━━━━━ SOURCE DATA ━━━━━

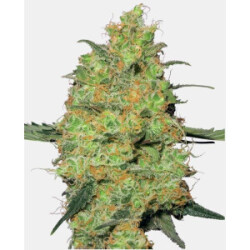 Sensi Seeds Master Kush Fem. 3St.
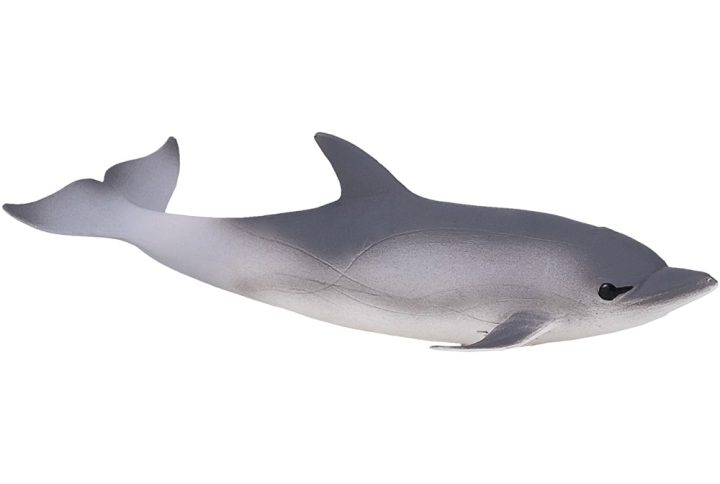 فیگور دلفین موجو Common Dolphin 387358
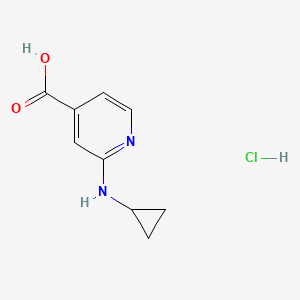 molecular formula C9H11ClN2O2 B13473073 2-(Cyclopropylamino)pyridine-4-carboxylic acid hydrochloride 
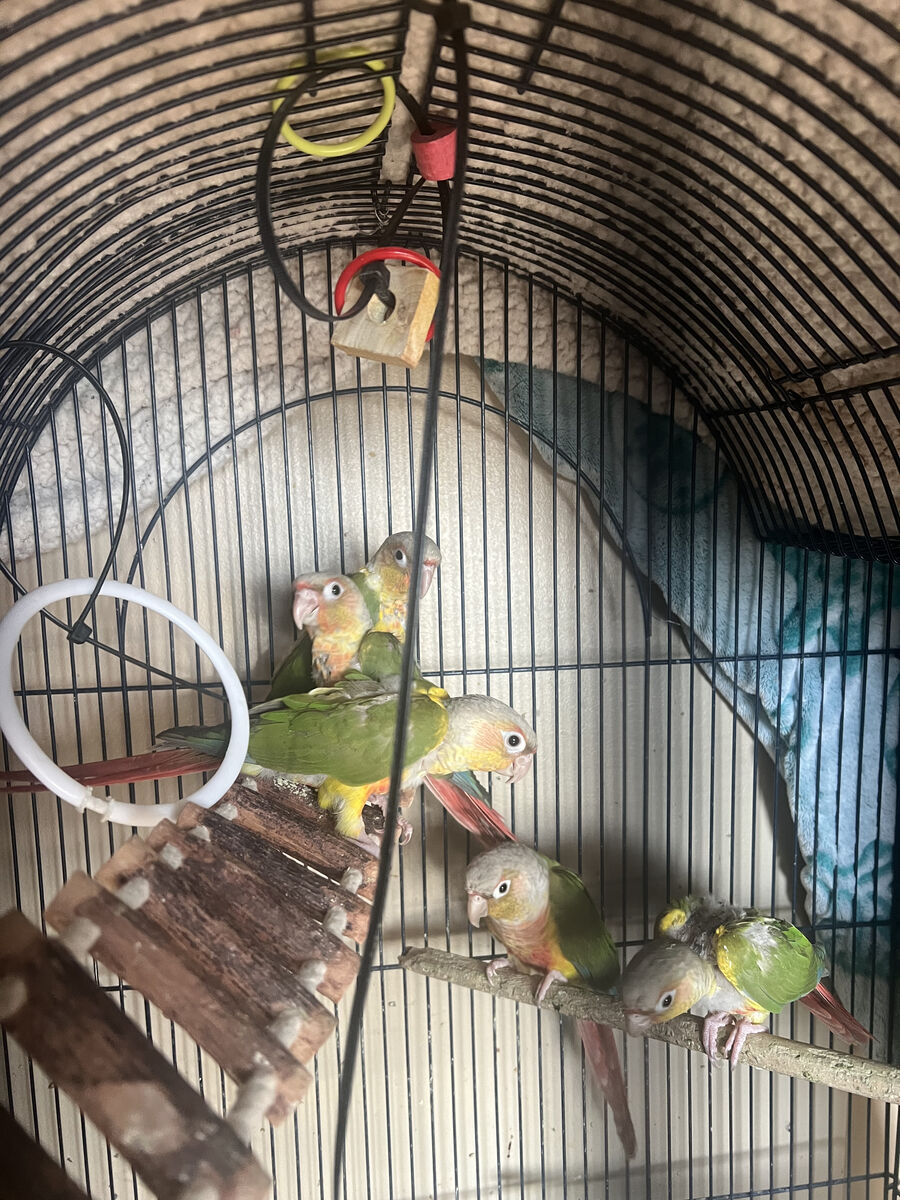 Baby Conures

━━━━━

YOUR GOAL → The expected answer is the data retyped exactly, without pictures.

RESULT FOR THIS TASK →
 Sensi Seeds Master Kush Fem. 3St.
 فیگور دلفین موجو Common Dolphin 387358
 molecular formula C9H11ClN2O2 B13473073 2-(Cyclopropylamino)pyridine-4-carboxylic acid hydrochloride 
 Baby Conures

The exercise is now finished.